This week has crushed my house with constant activity. And I've been cranky about it.
A seemingly endless to-do list. All important things with large consequences attached to them if they go undone. Hurried meals. The front door opening with people going, and coming, and going again. Laundry piling up. The copy machine at the church refusing to come to life, the backlog of office work stacking up on my desk, the bills to pay, the school projects my kids are already coming home with on the second week of school, the trip I'm supposed to be packing for...
And the knowledge of so many people with hurts so great they take your breath away to ponder what it must be like to live with that kind of pain.

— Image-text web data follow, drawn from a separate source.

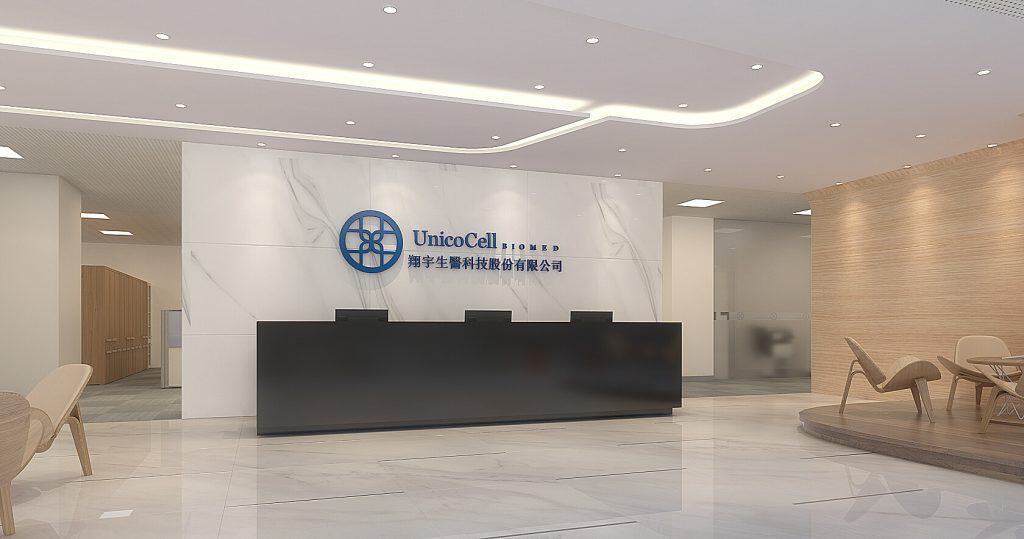 醫美總公司 室內設計實景 9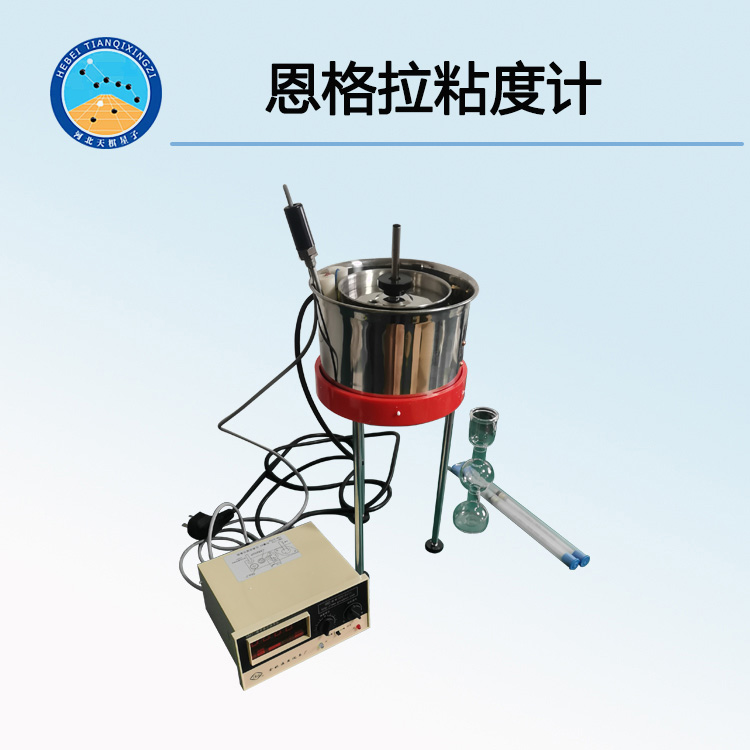 TD622-1型恩格拉黏度试验仪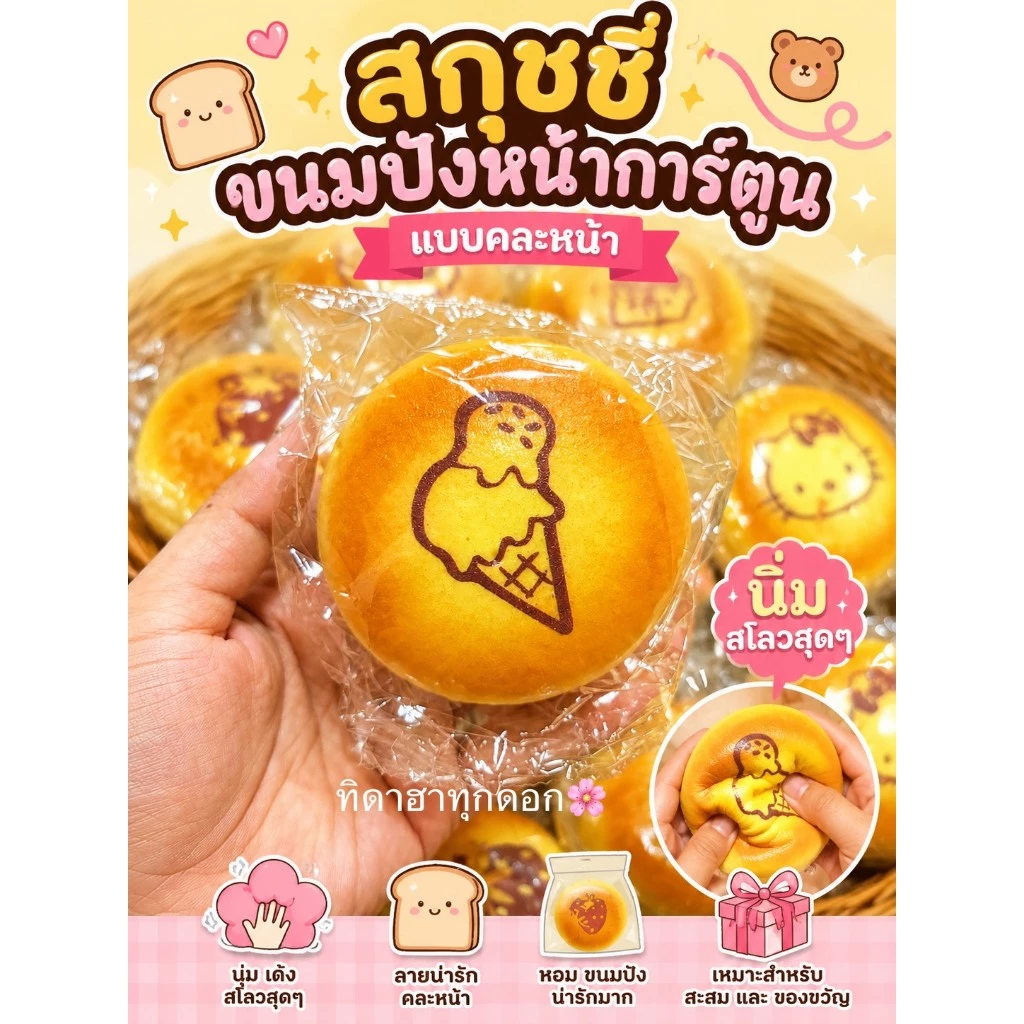สกุชชี่ขนมปังหน้าลายการ์ตูน thumbnail 3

Because being a minister, you hear about them. Not just in a whispered comment at the grocery store, but eye to eye in the office, the kleenex box between you and the broken heart.
The couple whose marriage is breaking.
The agonized parent dealing with the drug-addicted teen.
The family who just love their loved one forever.
The children who were sent into foster care.
And it's this knowledge that stops me from sliding into self-pity over my overwhelmed schedule.
Because when I view my life through the lenses of blessings realized, I realize what I often call "pressure" is simply the fruit of a full and bountiful life. And the consequences of the to-do list going undone aren't that large, after all, in comparison to roads others are walking.
And so tonight I stop.
And breathe.
And let the laundry pile up for one more evening.
And give thanks.
And pray for the Father to blow the breath of healing across hearts that are breaking.
And on my way to help with the science report, I find I am grateful.
To be living this life.
To hold this man.
To mother these people.
To serve this city.
To love this God.
To have a chance to wake up tomorrow to bring the healing breath to the broken.